Fig. 4. Summary results of clinical features distinguishing each biotype from the other biotypes.

a–f, Circuit biotypes are visualized using circuit schematics on the left (biotypes are labeled a–f). We first compared these circuit biotypes on symptoms of depression and related anxiety (column ‘Symptom severity’). Next, we compared biotypes on behavioral performance on general and emotional cognitive tests relevant to social and occupational function (column ‘Behavioral dysfunction’). We compared biotypes on severity after treatment with one of three antidepressant pharmacotherapies (escitalopram, sertraline or venlafaxine XR), a behavioral problem-solving therapy (I-CARE) or usual care (U-CARE) (column ‘Severity after treatment’). To facilitate comparison across units of analysis, all measures were scaled between 0 and 1 so that 0 would represent minimum severity/dysfunction and 1 maximum severity/dysfunction. The column ‘Severity after treatment’ shows differences in symptom severity posttreatment (that is, lower values correspond to better treatment response). Comparisons on severity after treatment were conducted only for biotype/treatment combinations having n ≥ 5, so only those are shown. We used the biotype nomenclature used previously. The subscript x indicates that the sixth biotype is not differentiated by a prominent circuit dysfunction relative to other biotypes. Besides this nomenclature, we suggest a short plain-English description for each biotype (in quotes), which connects them with our theoretically synthesized biotypes (as shown in Fig. 3).

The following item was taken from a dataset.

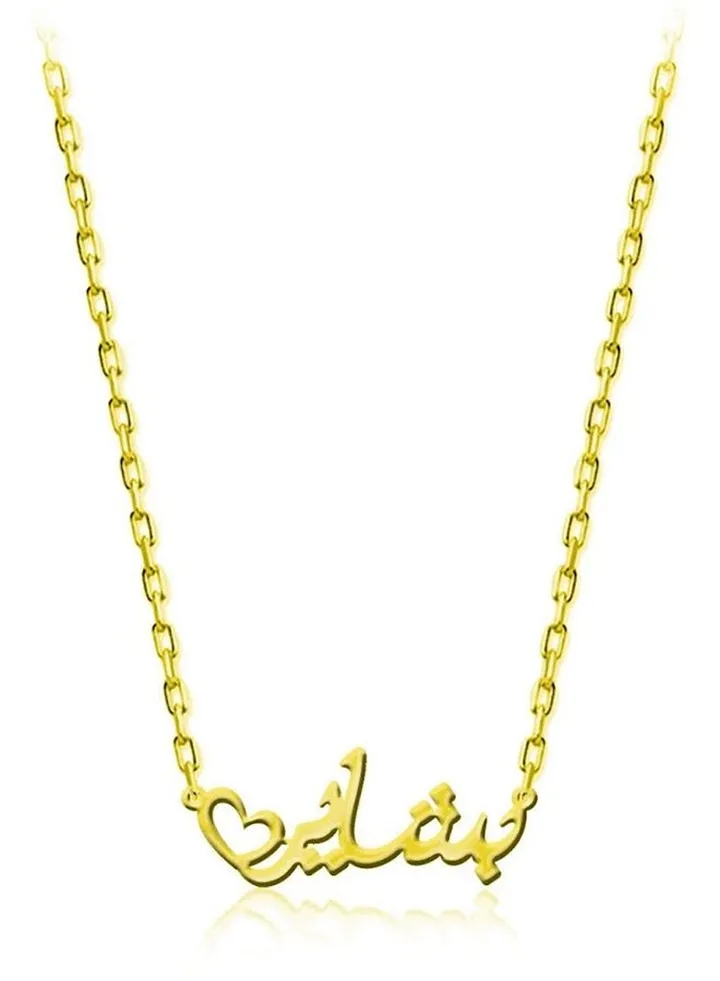 925 Sterling Silver Gold Plated Bashayer Necklace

Fig. 5. Frequency of diagnoses across biotypes.

We show the proportion of participants in each biotype who meet diagnostic criteria for major depressive disorder, generalized anxiety disorder, panic disorder, social anxiety disorder, obsessive–compulsive disorder and post-traumatic stress disorder (biotypes are labeled a–f). χ² tests revealed that the frequency of major depressive disorder was significantly different across biotypes (two-sided χ² = 24.235, P = 0.0002). We used the same biotype nomenclature as previously. The subscript x indicates that the sixth biotype is not differentiated by a prominent circuit dysfunction relative to other biotypes. Besides this nomenclature, we suggest a short plain-English description for each biotype (in quotes), which connects them with our theoretically synthesized biotypes, again as expressed in the legend to Fig. 3.